六月十七日

第14話 振り回されている内はロクなことにならない

「た、多摩タヌキだと!」


 目下私のことを悩ませている単語を突然に言われ、私は狼狽した。


「フン。その言葉だけは知っているみたいだな」と豆タヌキが鼻を鳴らす。


「知っているも何も……。まて、するとその、キュウコンというのは私とそこにいる『リコ』が——んが?!」

 言い終える前に、素早く私の口をリコが塞いだ。


 なんだか熱っぽい手だ。


 あんまり強く抑えるので口を開くことはおろか呼吸さえままならなかった。私が必死に豆タヌキへ目配せして助けを求めると、やれやれと溜息をついた豆タヌキがリコの尻尾をくいと引いてくれた。

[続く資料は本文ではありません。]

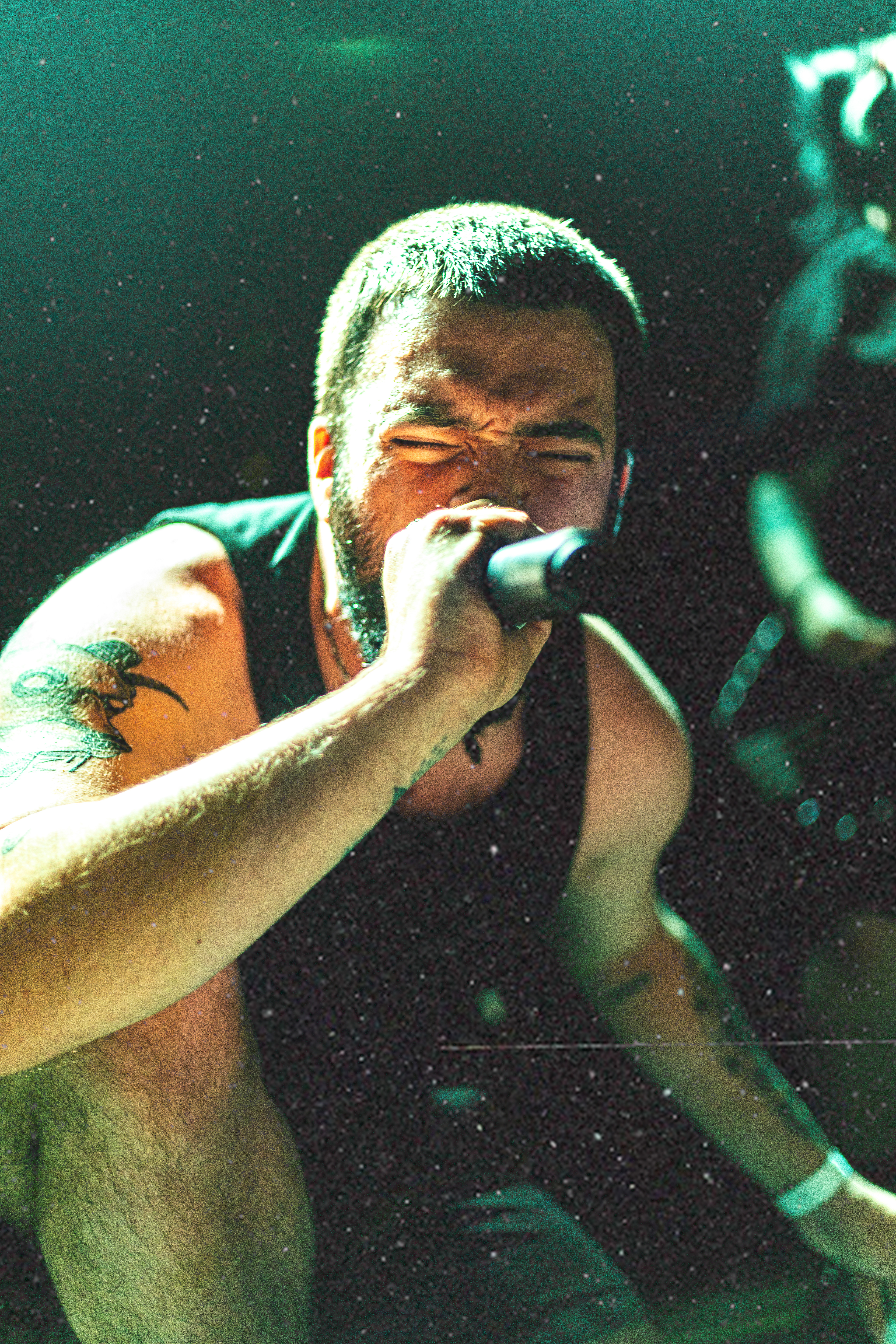 Fleas - Voodoo Daddy's Showroom - 20/06/2025.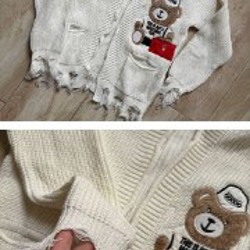 Кофта вязаная - фото 9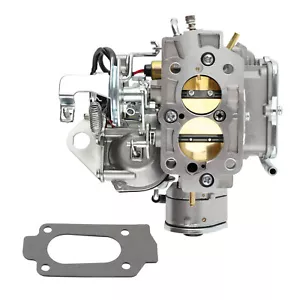1x Carburetor Carb For Nissan 1983-1986 720 pickup Datsun Truck 1985- 2.4L Z24 - Picture 1 of 12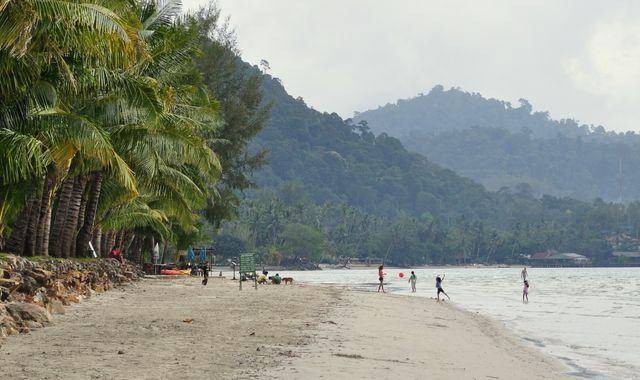 Пляж клонг прао ко чанг: описание, фото, отзывы, лучшие отели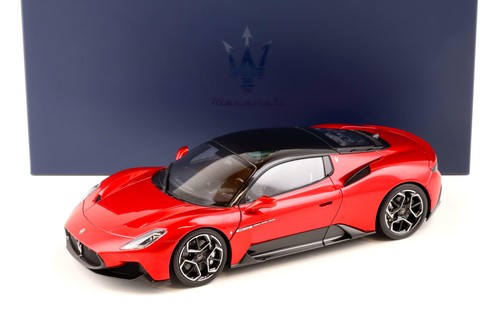 Bbr maserati mc20 - maserati, coupè
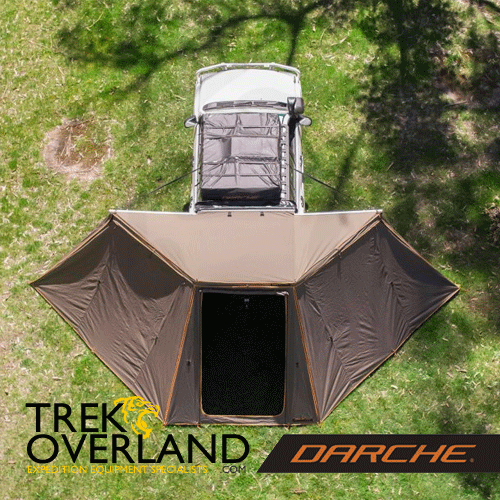 香川裕亮DARCHE　ECLIPSE180・ECLIPSE180WALL ECLIPSE 180V VERSATILE AWNING – Overland Addict
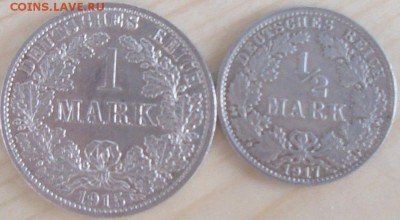 Лот из 2-х и 5 марок 1935-1939 Окончание: 24.11.2014 22:00 - DSC07903.JPG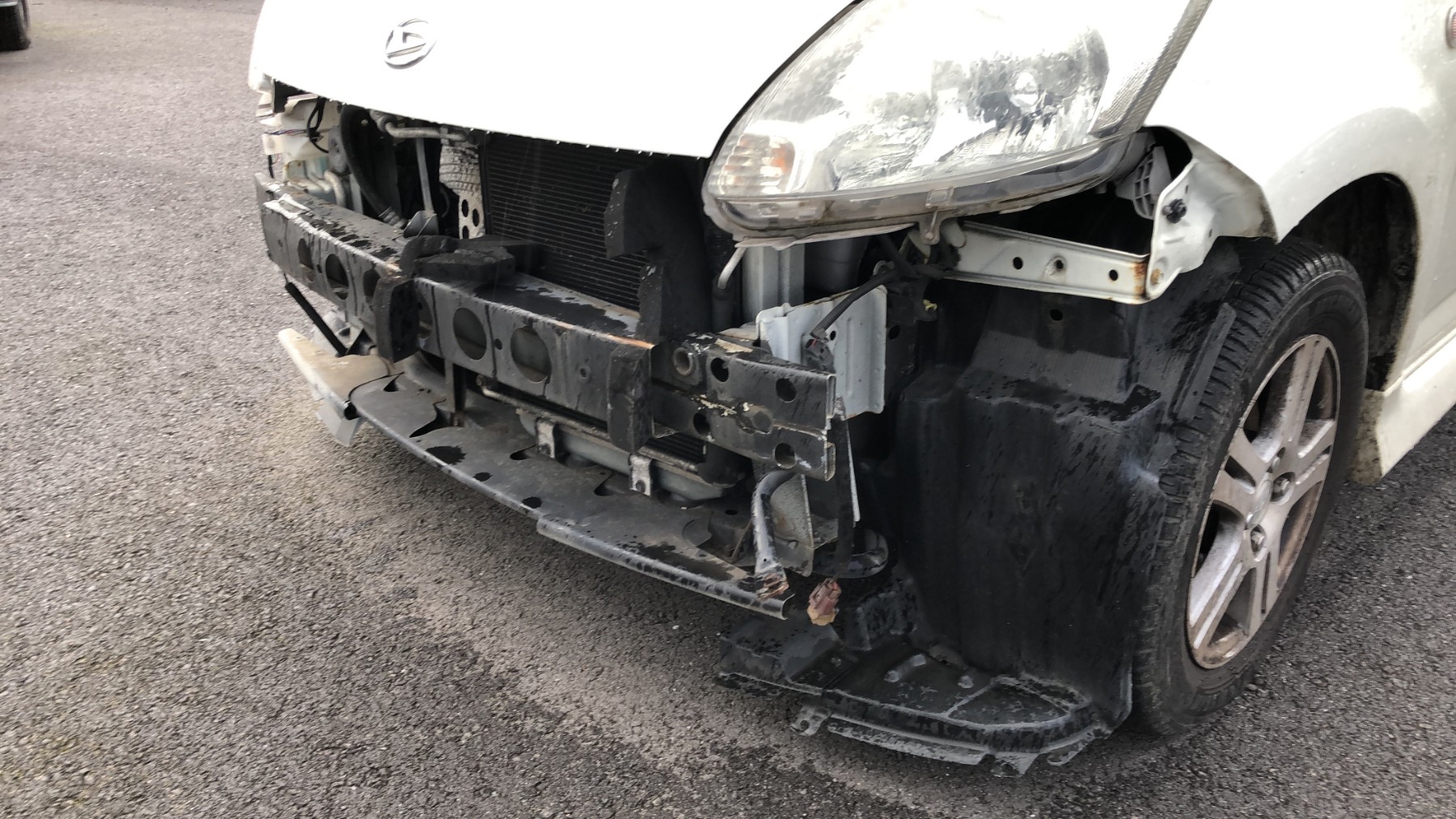 Cardan gauche (transmission) pour DAIHATSU SIRION 2 Cardan gauche (transmission) pour DAIHATSU SIRION 2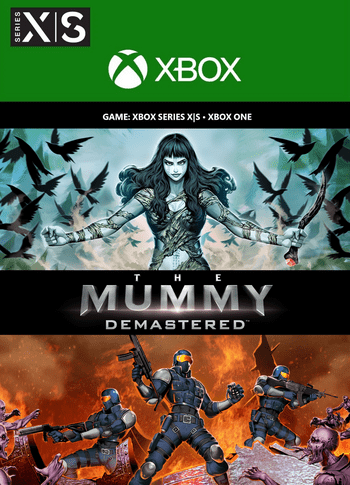 The Mummy Demastered XBOX LIVE Key EUROPE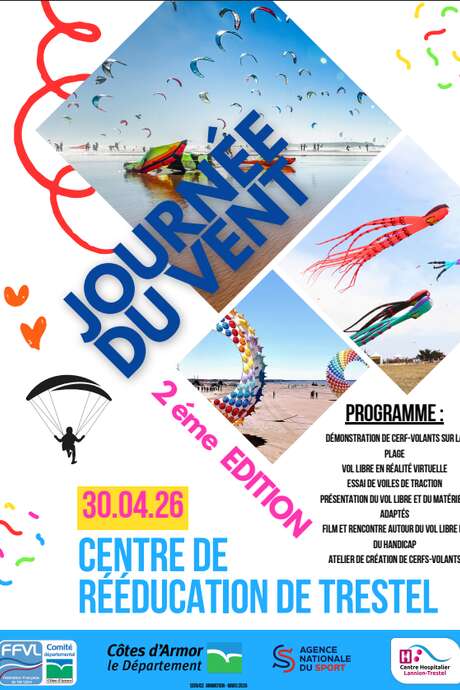 Journée du vent - 2ème édition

 すると我に返ったリコは慌てて私の口元から手を放し、申し訳なさそうに頭を下げた。


「リコ、オメエてんでダメダメじゃねえか。そんなんじゃ上手くいくものも失敗しちまう。今日のところは引き上げるぞ」


 豆タヌキの叱責にすっかり意気消沈してしまった様子のリコは、「キュウ……」と寂し気な声を漏らしてそれに従った。豆タヌキはリコの背中を押しながら窓から出ていくときに「また来るぜ」と言い残したが、「二度と来るな!」とは言い返すことが私にはできなかった。



  ◆

 次にリコと豆タヌキに会うのには存外時間がかかることもなかった。


 ただし場所は私の家ではないし、お互いに本意な姿でもない。豆タヌキは暴れないように網にかけられて吊るされており、私は私で身動きのとれない状況であった。リコはというと、吊るされてはいないものの苦しそうな表情を浮かべている。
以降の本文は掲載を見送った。